Statistical Learning
BACK: Table of Contents
UNDER HEAVY CONSTRUCTION: NOT EVERYTHING MAY BE CORRECT.
A good way to think about this class: \(Y = f(X) + \varepsilon\)
Here, we see \(Y\) as something that we want to find out: the sales of a product, the classification of an image, etc, which is a dependent variable upon \(X\). Here, \(X\) represents the features,inputs, independent variables that \(Y\) is dependent upon. Based on the values of \(X\), our \(Y\) will vary, assuming that there is a relationship between the two variables. We also want to consider the error of our relationship (assuming that we aren’t able to find a perfect model \(f(X)\)).
Consider the Advertising example that is also included in the textbook.
Here, we want to predict sales (\(Y\)) based on the features of the Advertising dataset. The budget spent on TV
(\(X_1\)), Radio
(\(X_2\)), Newspaper
(\(X_3\)). The blue line showed in each graph is the model \(f(X_n)\) that tries to predict the amount of sales based on feature \(X_n\). So how do we combine all the features together to make one ‘super’ model?
First, some definitions and reasoning about why we would want to do this:
- Prediction: Based on the values of \(X\), what is \(Y\)?
- Inference: What factors of \(X\) influence \(Y\) the most? For the Advertising example: Which \(X_n\) affect \(Y\) the most?
- Parametric Model: We assume something about the shape of \(f(X)\), i.e: The relationship between \(X\) and \(Y\) is linear.
- Non-Parametric Model: We do not make assumptions about the shape, and try to make some curvy shape to connect all the dots together (danger of over-fitting)
Another example: Since we are making an assumption about the general form of this equation, we can say that this is a parametric model:
\[income%20\approx%20\beta_0%20+%20\beta_1&*age&+\beta_2*education\]This might look something like this:
So the goal of this parametric model is to find the values of \(B_0\), \(B_1\), … to try to minimize the error or to find the best predictor of income (\(Y\)). Meanwhile, a non-parametric model might look something like this, where every point of the dataset touches the weird shape that we have made–there is ZERO error on this model.
The problem with this is that there is a huge chance that any new data points will probably not match the general behavior of the model.

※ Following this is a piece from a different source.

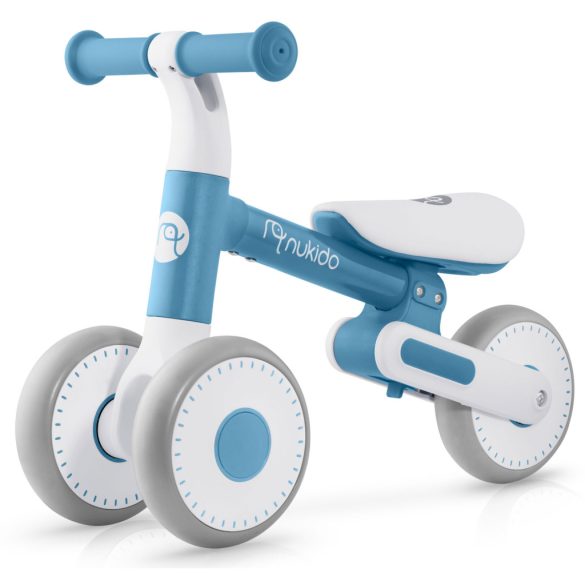 Háromkerekű futóbicikli, Nukido NK-603, kék, EVA habkerekek 15 cm, állítható ülésmagasság 25–28 cm, kormányfordulás határoló, 12 hónapos kortól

There is also the ideas of supervised and unsupervised learning. In supervised learning, we have information about all of our features (X) and our outputs (Y). In other words, we have a training dataset to work with. On the other hand, we do not have this information in unsupervised learning.
Cool. We have our model now, but how do we know if it’s a good model or not? We can take a look at the mean squared error. This is given by the equation
\[MSE=\frac{1}{n}\sum_{i=1}^{n}(y_i-\hat{y})^2\]We can use this equation by splitting our dataset into training and testing, so that we still have points that are available for us to verify if our model is accurate or not. This can be done through a simple ~80/20 split (training/testing) or a process called cross-validation, where we split the dataset into buckets and switch around with all the possible combinations of training/testing buckets and take some kind of average between all of them.

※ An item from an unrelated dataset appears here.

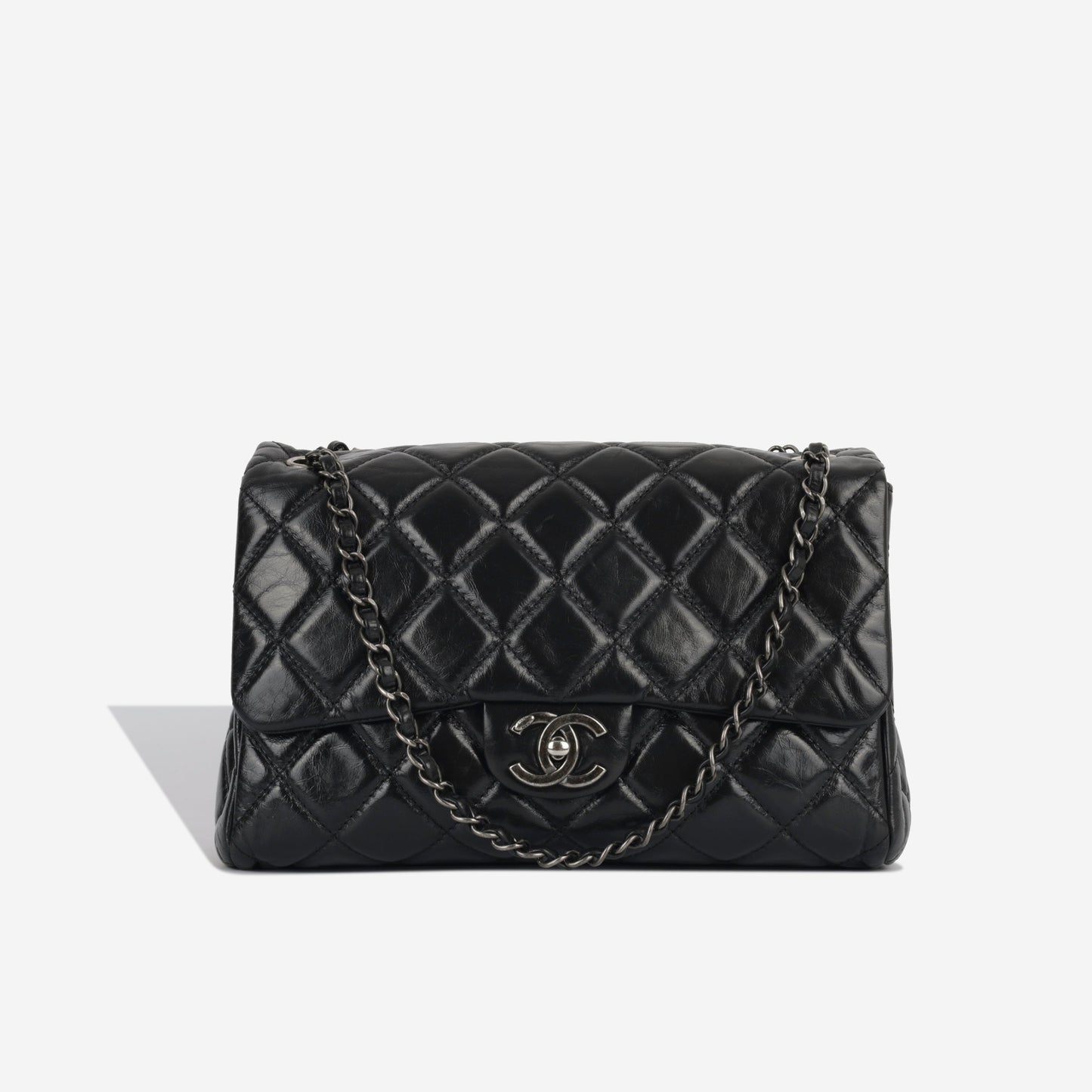 Chanel Classic Flap Lambskin Black Shoulder Bag Style 284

Alright, let’s take a look at some models for classification now:
Baye’s Classifier
Baye’s classifier is a classification tool that relies on knowing the probabilities and conditional probabilities of whatever you’re trying to classify. For example, is an email “spam” or “not spam”?

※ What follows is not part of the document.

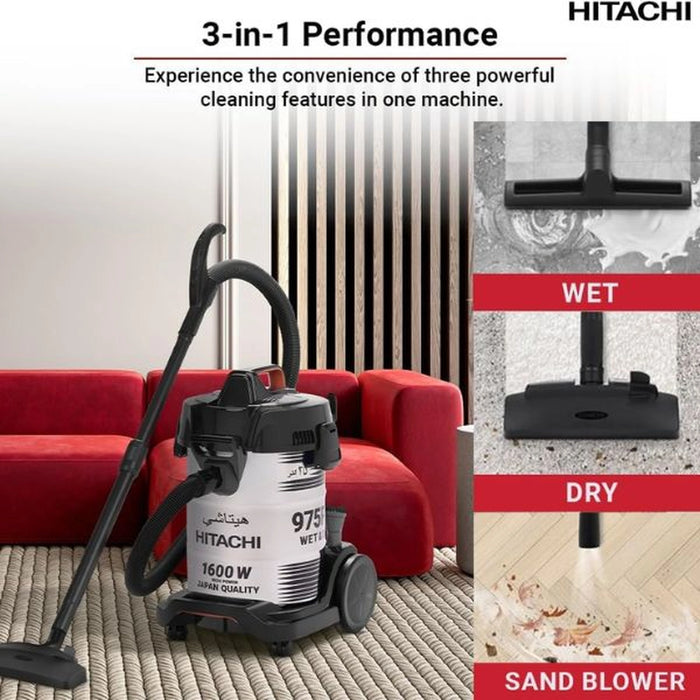 Hitachi Wet & Dry, Sand Blower Vacuum Cleaner| 3 in 1 Performance| Rust-Free Stainless-Steel Body| 25L Big Dust Capacity| 1600 W Motor Power| CV975PWBKGAE-Inox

The video above uses this example and will scan the email for the words “viagara,” “prince,” and “Udacity.” They estimate the probabilities, which is how we generally obtain these probabilities, which makes Naive Baye’s classifier not the best classification tool. We’re essentially just applying Baye’s Theorem here, which was covered in Math 032 and every other stats class, so let’s take a look at a different algorithm.
K-Nearest Neighbor
K Nearest Neighbors is super intuitive! In a dataset, if I have a dataset with labeled classes and then I have a new point, it’s intuitive to say, “Oh, the closest point is the same class as the new point.” Obviously, this won’t always work–what if my new point is right next to a noisy point that overlaps into a different class? So we can take a look at the 2 or 3 or 4 nearest neighbors.
Check out this Python Notebook for additional explanation.
But how do we choose what value of K to use? This is a hyperparameter–it really just depends on the situation. By using cross validation, we are able to pick different values of K and then compare each model to each other with the goal of minimizing some statistic (AIC, BIC, MSE, etc.)